Mentre Papa Leone XIV si prepara a chiudere la tappa madrilena incontrando i volontari che hanno reso possibile questi giorni intensissimi, è necessario fermarsi e provare a capire che cosa sia realmente accaduto. Non basta dire che Madrid ha accolto bene il Papa. Non basta parlare di folle, canti, processioni, strade piene e stadi gremiti. Questi tre giorni hanno mostrato qualcosa di più profondo: hanno tolto il velo da un racconto parziale della Spagna contemporanea, spesso presentata come Paese ormai stabilmente progressista, secolarizzato, laico fino all’autosufficienza, accogliente fino all’indistinzione, lontano dalle radici cristiane come se queste appartenessero soltanto ai musei, alle cattedrali, alle cartoline turistiche e alle feste patronali buone per l’indotto economico.

Ciò che abbiamo visto a Madrid dice altro.

Dice che esiste una Spagna cattolica ancora viva, popolare, giovane, visibile, capace di radunarsi non soltanto per un evento emotivo, ma per pregare, adorare, ascoltare, inginocchiarsi davanti a Cristo Eucaristia e riconoscere nel Successore di Pietro una presenza che conferma nella fede. La Messa del Corpus Domini in Plaza de Cibeles ha raccolto oltre un milione di fedeli, con una stima di 1,2 milioni secondo gli organizzatori; la processione eucaristica ha attraversato le strade centrali di Madrid tra petali di fiori, campane, canti e silenzio orante. La veglia dei giovani in Plaza de Lima ha radunato circa mezzo milione di persone, molte delle quali giovani, in un momento di adorazione che perfino i media laici hanno dovuto registrare come un silenzio impressionante.
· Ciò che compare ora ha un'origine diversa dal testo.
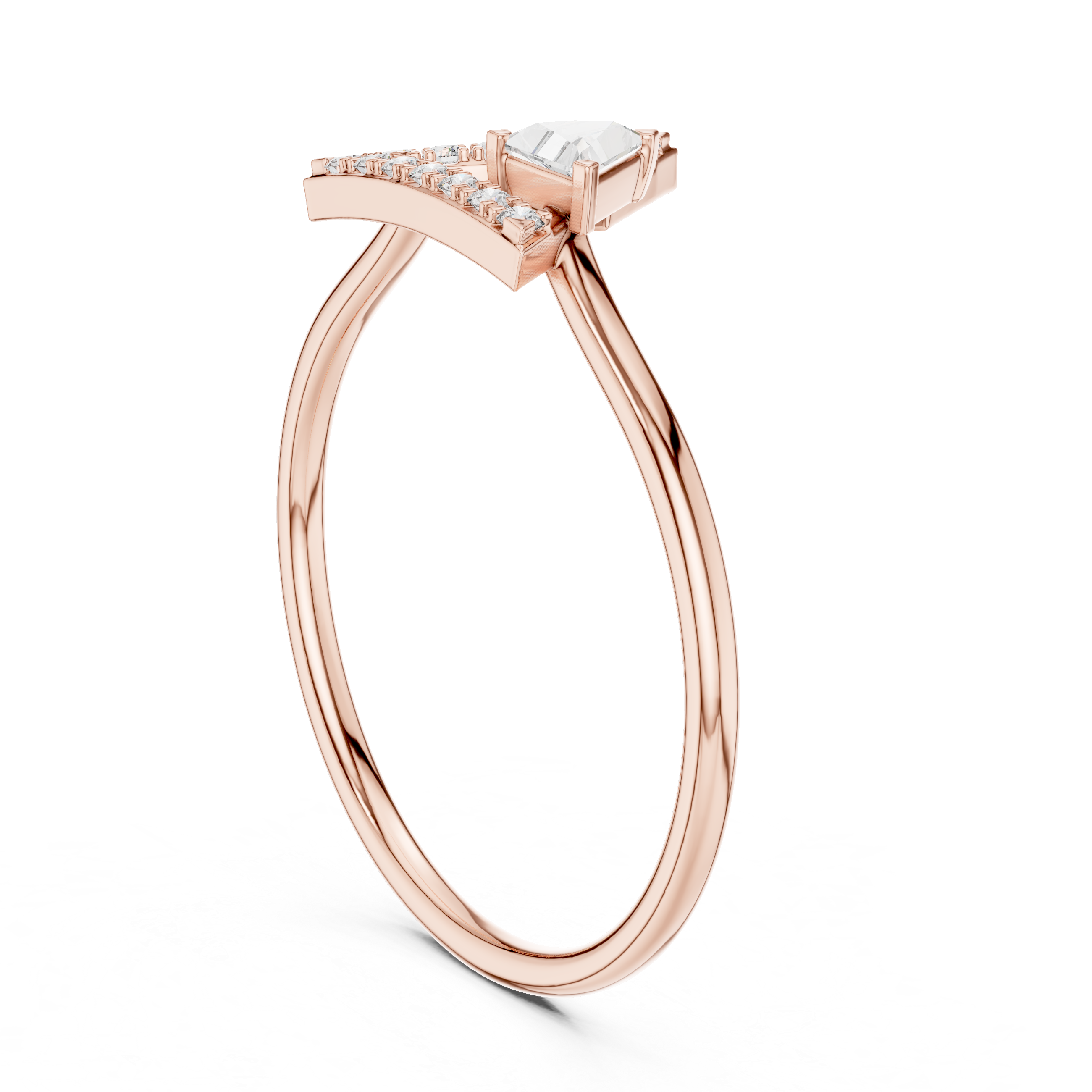 0.17 CT Triangle Cut Diamond Geometric Ring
Questa non è nostalgia. È un fatto.

E i fatti, come ricordava Papa Francesco con una formula spesso citata anche da Leone XIV, sono superiori alle idee. Il problema nasce quando una parte dell’opinione pubblica, dei media e della cultura politica europea non racconta più i fatti, bensì il mondo che vorrebbe esistesse. Una Spagna perfettamente post-cristiana, finalmente liberata da ogni influenza cattolica, progressista per definizione, laicista per maturità, moralmente pacificata attorno ai nuovi diritti. Poi arriva il Papa, e le strade si riempiono. Arriva il Corpus Domini, e una capitale europea vede un popolo immenso seguire Cristo Eucaristia. Arriva la veglia, e centinaia di migliaia di giovani tacciono in adorazione. A quel punto la realtà, con la consueta maleducazione dei fatti, rovina la sceneggiatura.

Il primo momento politico forte è stato l’incontro al Palazzo Reale. Il discorso del Re Felipe VI ha dato una chiave importante, perché ha riconosciuto esplicitamente che la fede cattolica è radicata nel Paese e che senza di essa la storia e la cultura della Spagna non si comprenderebbero. Non è una frase decorativa. Pronunciata dal Capo dello Stato davanti al Papa, essa riconosce che l’identità spagnola non può essere amputata della sua anima cattolica senza diventare incomprensibile a se stessa. Il Re ha parlato della fede nel quotidiano, nelle tradizioni, nelle feste, nel senso di comunità, nella spiritualità popolare, nei mistici e nella religiosità semplice di centinaia di migliaia di persone.

Qui si apre già una frattura con il racconto ideologico. Una nazione può certamente essere pluralista, moderna, democratica, abitata da credenti e non credenti, attraversata da sensibilità diverse. Questo non autorizza a falsificarne le radici. Il pluralismo non richiede l’amnesia. La democrazia non chiede di fingere che Cristo non abbia plasmato il volto spirituale, artistico, giuridico e popolare di un popolo. L’Europa contemporanea sembra spesso impegnata in questa operazione curiosa: vivere dei frutti cristiani mentre sega le radici cristiane. Poi si stupisce se l’albero secca. Anche la botanica, ogni tanto, predica meglio di certi editoriali.

Il Papa, nel suo primo discorso alle autorità, non ha scelto un tono da scontro. Ha parlato di cultura dell’incontro, di riconciliazione, di abbandono delle narrazioni divisive, di educazione, libertà religiosa, interiorità, trascendenza, dialogo, pace. Alcuni media hanno letto questa parola soprattutto come critica alle destre identitarie e alla polarizzazione politica. Questa lettura coglie una parte reale del discorso, perché Leone XIV ha effettivamente respinto approcci che trasformano la realtà in fantasmi e nemici. Essa resta parziale quando dimentica che il Papa non stava offrendo una benedizione al progressismo secolarizzato, bensì una visione cristiana della società, fondata sulla verità dell’uomo, sulla libertà religiosa e sulla trascendenza.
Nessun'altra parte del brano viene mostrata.